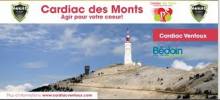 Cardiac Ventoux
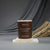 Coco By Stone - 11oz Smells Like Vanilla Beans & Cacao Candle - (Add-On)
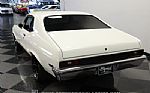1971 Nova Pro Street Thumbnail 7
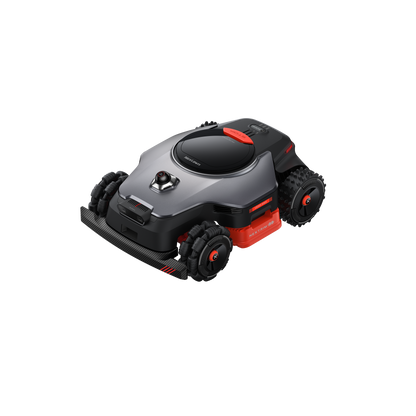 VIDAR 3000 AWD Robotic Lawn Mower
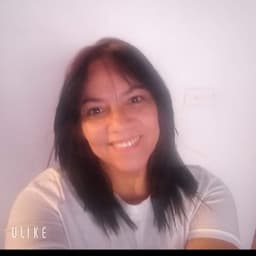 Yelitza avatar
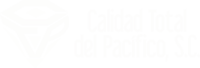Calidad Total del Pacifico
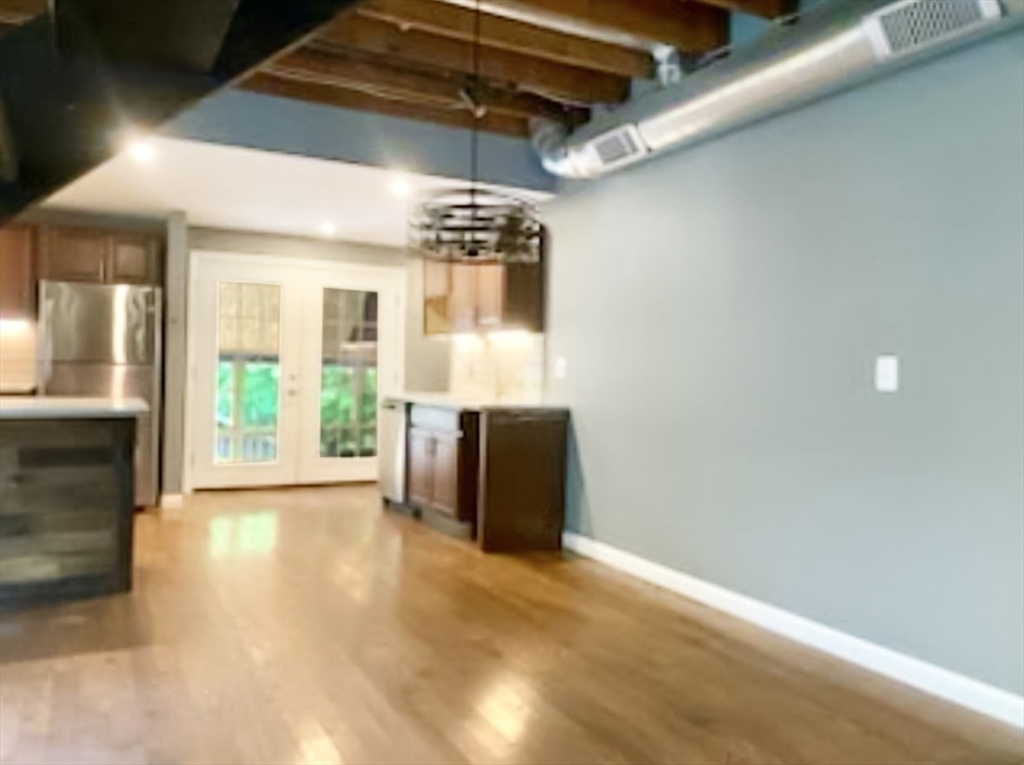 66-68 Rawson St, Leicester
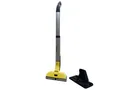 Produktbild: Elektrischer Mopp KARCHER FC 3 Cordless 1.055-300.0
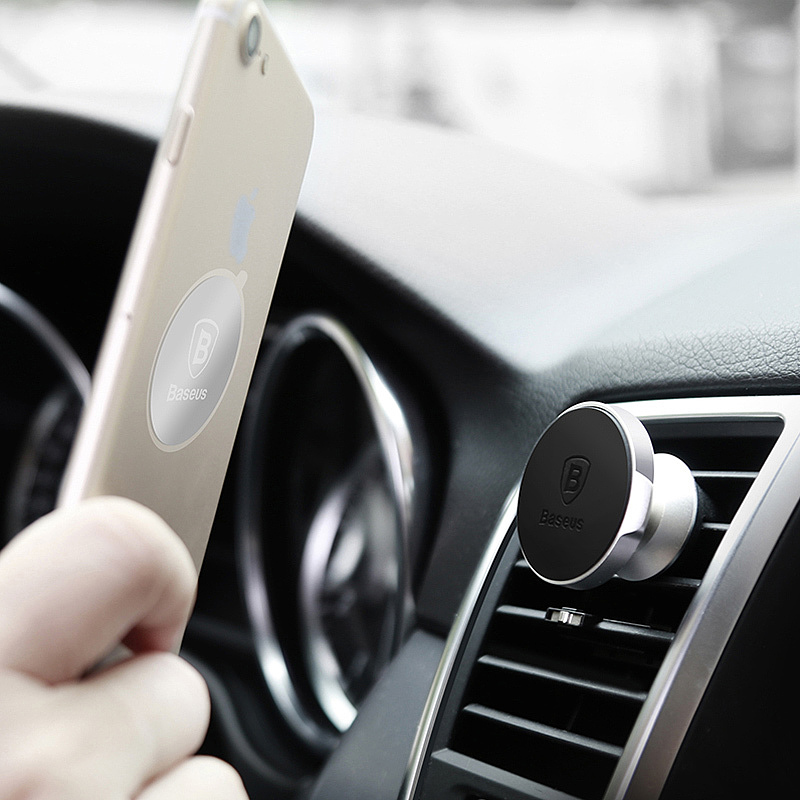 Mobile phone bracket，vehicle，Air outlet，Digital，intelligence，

_YOUR OBJECTIVE_
Leave the images behind and write out every entry exactly.

_PROBLEM SOLUTION_
 Cardiac Ventoux
 Coco By Stone - 11oz Smells Like Vanilla Beans & Cacao Candle - (Add-On)
1971 Nova Pro Street Thumbnail 7
 VIDAR 3000 AWD Robotic Lawn Mower
 Yelitza avatar
Calidad Total del Pacifico
 66-68 Rawson St, Leicester
 Produktbild: Elektrischer Mopp KARCHER FC 3 Cordless 1.055-300.0
 Mobile phone bracket，vehicle，Air outlet，Digital，intelligence，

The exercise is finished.